Good thing I got mine.  The very top one in my first post does still work, however. 84-86 300ZX.


----------



## Zen31ZR (Mar 24, 2004)

AZ-ZBum said:


> Site above is no longer functional.
> 
> http://www.carfiche.com


Changed original post to reflect the new site. :cheers:


----------



## jbraun (Mar 2, 2005)

thanks a lot. they are awexome. i donated


----------



## Dustin (Dec 14, 2003)

fantastic Tim, i just got my 240's from there, ill post this in the 240 section too.


----------



## rustyholtzen (Apr 9, 2005)

KaRdoN said:


> fantastic Tim, i just got my 240's from there, ill post this in the 240 section too.


what the diff between 88 and 87 and on that same note what the diff if any between 86 and 87 besides the body? :fluffy:


----------



## Zen31ZR (Mar 24, 2004)

rustyholtzen said:


> what the diff between 88 and 87 and on that same note what the diff if any between 86 and 87 besides the body? :fluffy:


 Z31.com has the answers you need.  There are numerous differences: transmission, engine changes, more emissions equipment... etc.


----------



## rustyholtzen (Apr 9, 2005)

♣Zen31ZR♣ said:


> Z31.com has the answers you need.  There are numerous differences: transmission, engine changes, more emissions equipment... etc.
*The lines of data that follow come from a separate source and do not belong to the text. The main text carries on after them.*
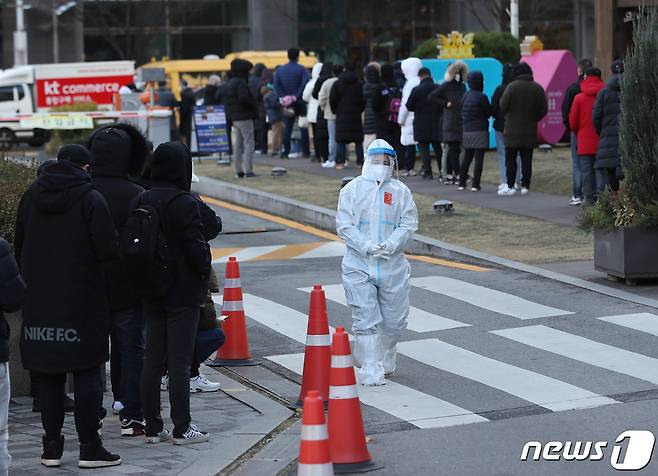 3일 서울 송파구보건소에 시민들이 검사 대기를 하고 있다. 2021.12.3/뉴스1 © News1 이성철 기자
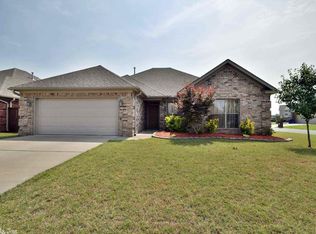 12 Dauphine Pl, Maumelle, AR 72113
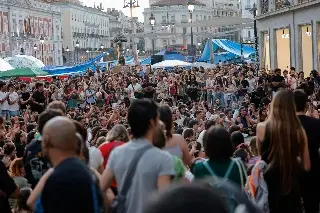 Plantón por desalojo de adulta mayor suma 6 días en Madrid; prevén movilización al Congreso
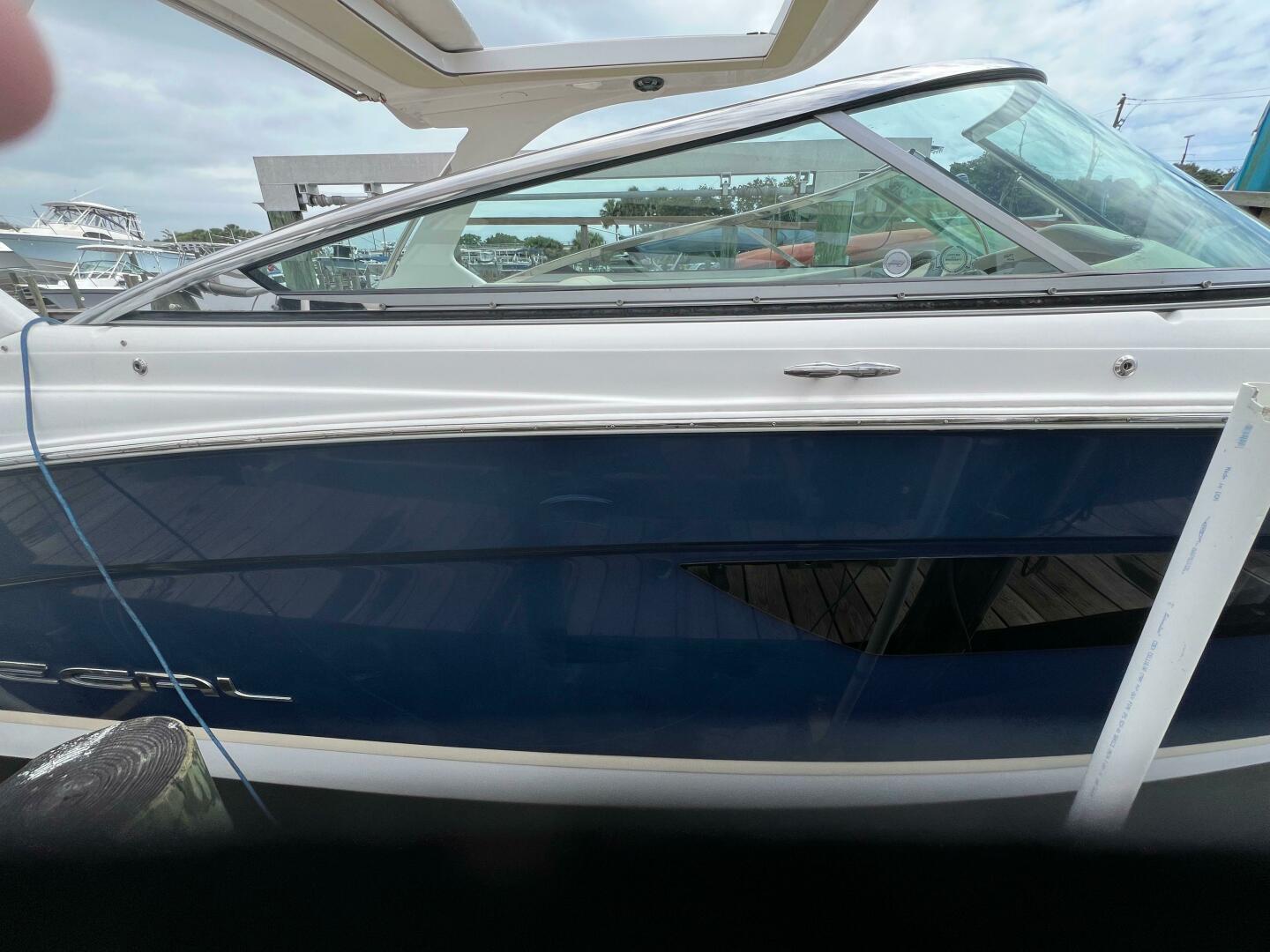 Slide: The Image of Regal 3300 Bowrider 2020 - 5003040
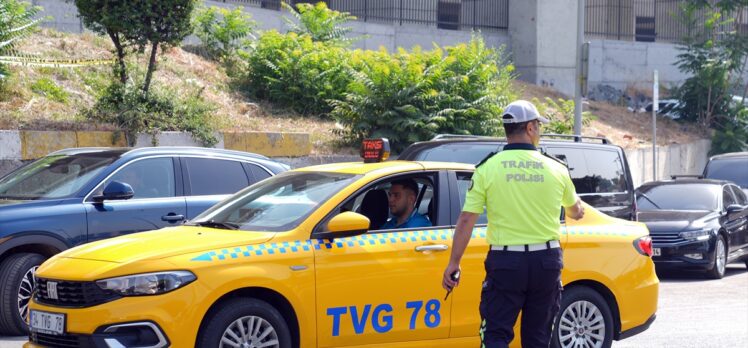 İstanbul Valisi Gül, Kurban Bayramı öncesi otogarda alınan tedbirleri inceledi:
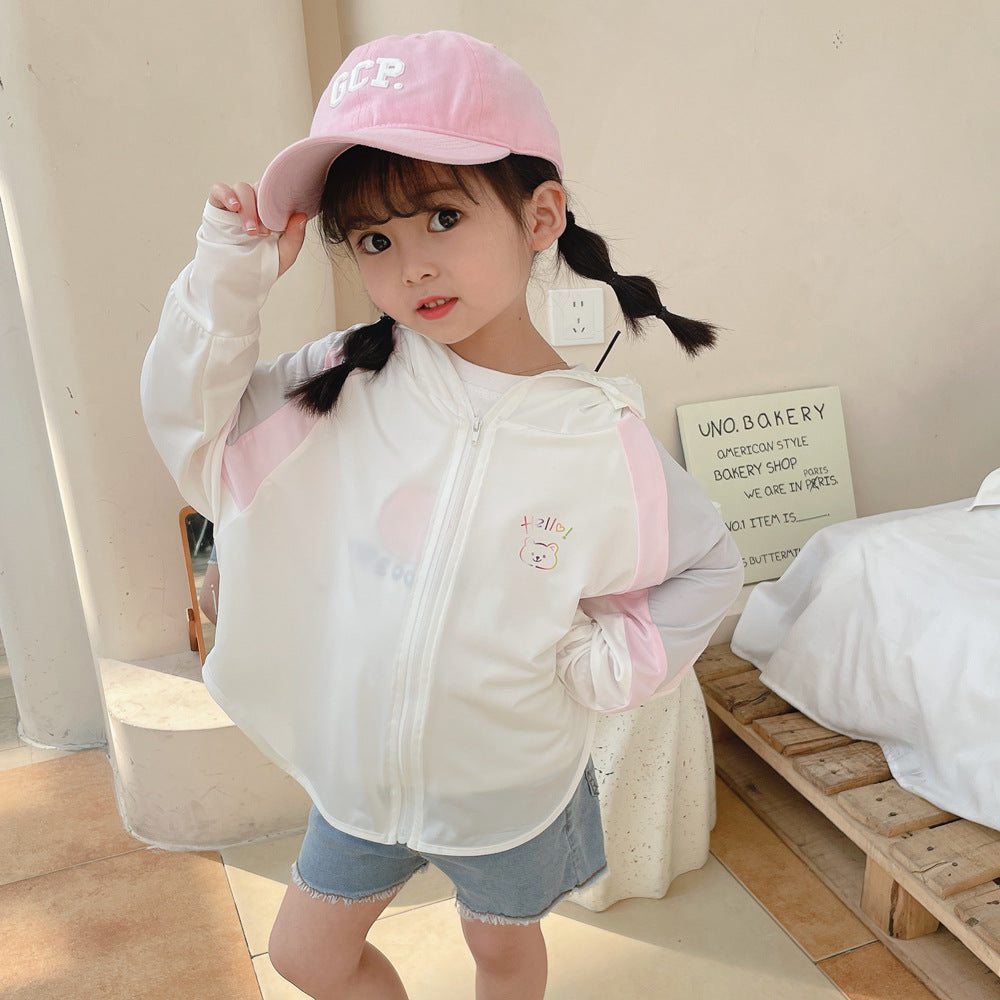 Unisex nan ultraleichte Kinder-Sonnenschutzjacke mit Kapuze, Reißverschluss, Meshfutter und Bärenstickerei  R&B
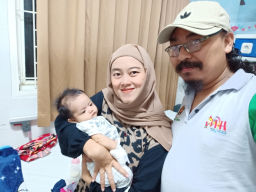 Sekretaris DPP KWI Bersama Istri Jenguk Putri Ketua Umum Umar Hayat, Sampaikan Doa dan Dukungan Moril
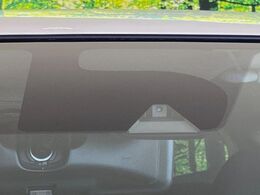 【エマージェンシーブレーキ】走行中に前方の車両等を認識し、衝突しそうな時は警報とブレーキで衝突回避と被害軽減をアシスト。より安全にドライブをお楽しみいただけます。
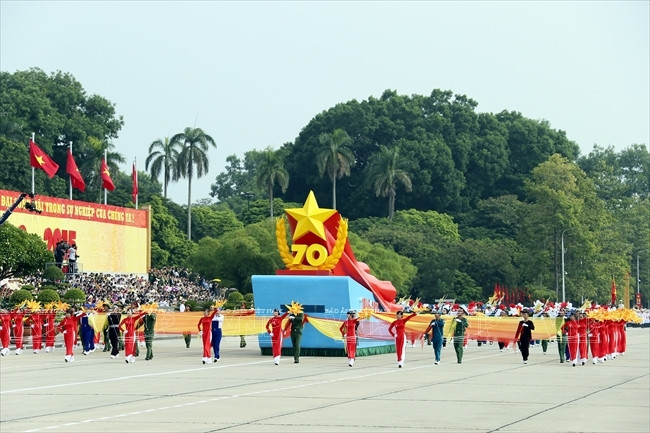 Símbolo de 70 años fecundos del país (Fuente: VNA)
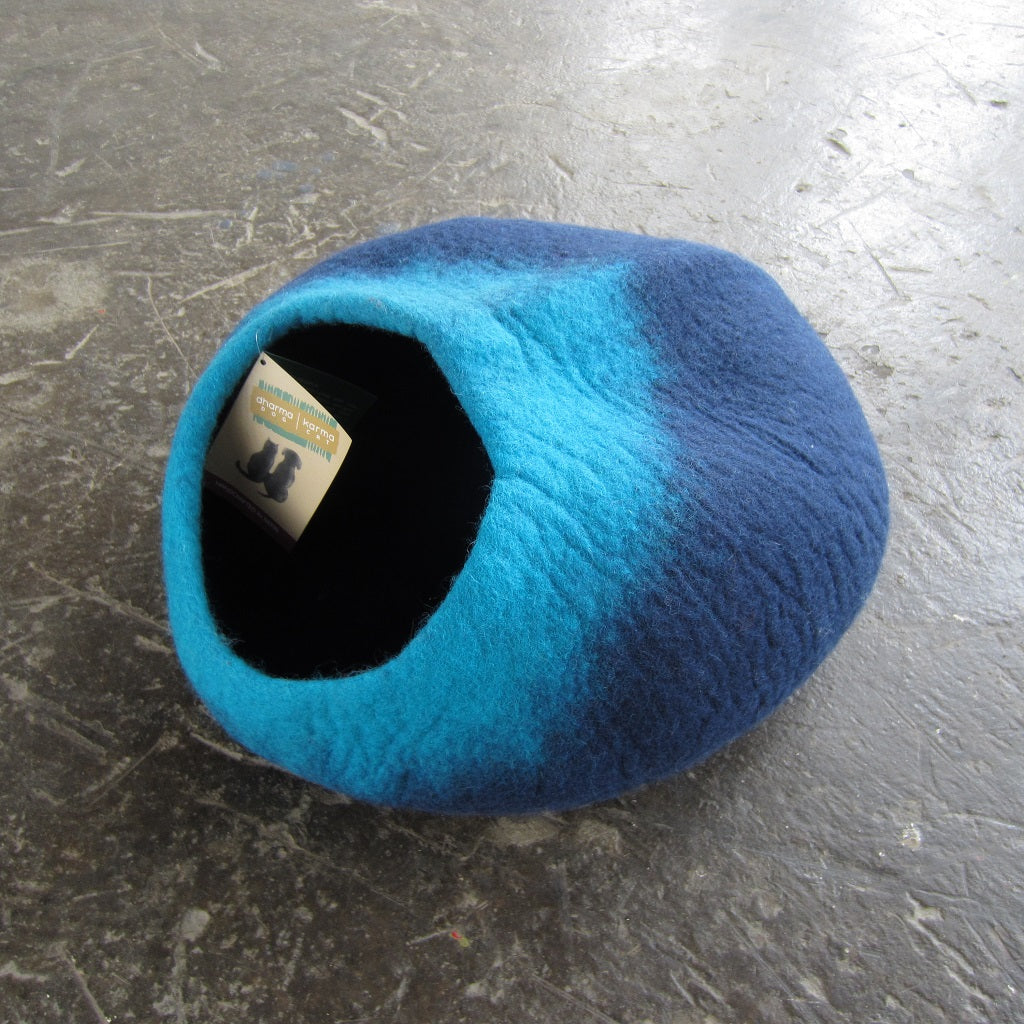 Cat Pod: Navy and Aqua Ombre Oval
but can i swap the motor that i just finshed building for my 86 in to my 87 and it still be the same wiring har or not. It would it just be a nice and smooth swap?


----------



## Zen31ZR (Mar 24, 2004)

rustyholtzen said:


> but can i swap the motor that i just finshed building for my 86 in to my 87 and it still be the same wiring har or not. It would it just be a nice and smooth swap?


Should bolt right in. Not much changed that way. Wiring should be pretty much the same, too.


----------



## sleeper-one (Apr 29, 2005)

*fsm*



♣Zen31ZR♣ said:


> http://tboz.no-ip.com:10000/images/Nissan 300ZX FSM [84-86]/Nissan 300ZX FSM [84-86].rar
> 
> Or for more vehicle options: http://www.carfiche.com < This link also has FSMs covering 350Z, Altima, Skyline, Xterra, Q45, etc....


tried this,took 5 hrs to down load,and winzip cant open it any ideas??
really need to find the wiring diag. for my 86


----------



## Xorti7 (Dec 27, 2004)

sleeper-one said:


> tried this,took 5 hrs to down load,and winzip cant open it any ideas??
> really need to find the wiring diag. for my 86


download something called winrar. You can find it on Download.com probably


----------



## sleeper-one (Apr 29, 2005)

*thanks*



Xorti7 said:


> download something called winrar. You can find it on Download.com probably


Thanks alot!!! winrar opened it ..Now maybe i can find the info i need


----------



## Darkstar (May 31, 2005)

:'( it doesn't have the 86 300ZX


----------



## Zen31ZR (Mar 24, 2004)

Darkstar said:


> :'( it doesn't have the 86 300ZX


Same as the 84-85. Changes came in 87 and 88.


----------



## asleepz (Feb 24, 2004)

I don't really know which one to get... It's got 84-86 then skips 87 and it goes to 88... I wonder which one I should use..


----------